- Also known as: BTEOT
- Origin: Alvin, Texas, United States
- Genres: Post-rock Math rock Instrumental rock Experimental rock
- Years active: 2003 – 2009, 2011
- Labels: Temporary Residence Limited
- Past members: Stefan Mach Brett Taylor James Templeton Jeff Wilson Josh Smith Jordan Brady
- Website: Official MySpace

= By the End of Tonight =

American instrumental rock band

By the End of Tonight (often abbreviated to BTEOT) was an American instrumental rock band from Alvin, Texas. They were signed to notable post-rock label Temporary Residence Limited for their life as a band.

==History==
By the End of Tonight formed in 2003 by Stefan Mach, Josh Smith, James Templeton, and Jeff Wilson. In 2006 Brett Taylor replaced Josh in the guitar role.
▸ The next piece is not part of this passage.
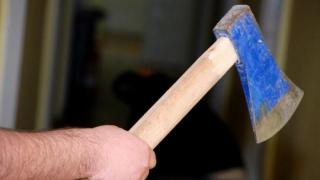 Scene SĂLBATICE la Codlea, unde un bărbat și-a atacat soția și copilul cu TOPORUL. Atât femeia cât și bebelușul sunt în stare gravă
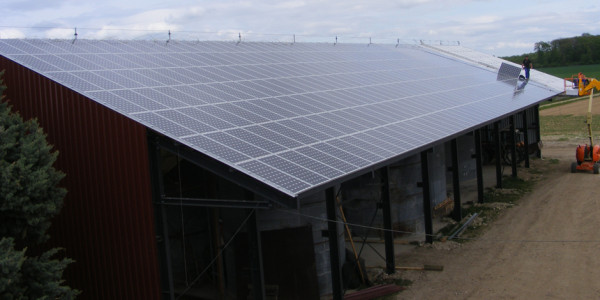 découvrez les avantages de l'énergie photovoltaïque en bretagne : une solution écologique et économique pour produire votre propre électricité. informez-vous sur les installations, les aides disponibles et les bénéfices de l'énergie solaire dans cette région dynamique.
They have toured with Anathallo, Tera Melos, Sleeping People, Buxton, O Pioneers, etc.

They were the only band ever to be signed by Temporary Residence Limited based only on a demo (in their case, ...In a Letter to the Sandbox)

Jeff Wilson left the band in early 2008. No replacement was ever found and the band announced through a Myspace bulletin in early 2009 after almost a year of inactivity that they had disbanded.

The band reunited in 2011 for one show on 3/5 at Fitzgerald's as well as a set at the Free Press Houston Summerfest 2011.

==Band members==
- Stefan Mach - electric guitar (2003-2009, 2011)
- Josh Smith - electric guitar, keyboards (2003-2006)
- Brett Taylor - electric guitar (2006-2009, 2011)
- James Templeton - bass guitar, percussion (2003-2009, 2011)
- Jeff Wilson - drums (2003-2008, 2011)
- Jordan Brady - drums (2008-2009)

==Discography==
Full-length releases
- 2005: A Tribute to Tigers - Temporary Residence Limited (Re-released in 2008)
- 2007: Complex Full of Phantoms (split album with Tera Melos) - Temporary Residence

EPs/demos
- 2003: ...In a Letter to the Sandbox - self-produced demo
- 2004: Fireworks on Ice EP - Temporary Residence
- 2007: "Sweet Junk" EP [split 7-inch with O Pioneers!]

Releases by individual members
Three-inch CDEPs were recorded by each band member and issued as a limited four-part series, all released in 2006 on Temporary Residence.

- Part one: The Gunslinger EP (Stefan Mach)
- Part two: My Mom Caught Me in My Room Beat Boxin (James Templeton)
- Part three: He's Home with Bones That Grow the Way They're Supposed To (Jeff Wilson)
- Part four: The Imaginary EP (Josh Smith)

Compilation appearances

Temporary Residence's "Thankful" compilation album includes the previously unreleased track "Ready? Aim. Fire!"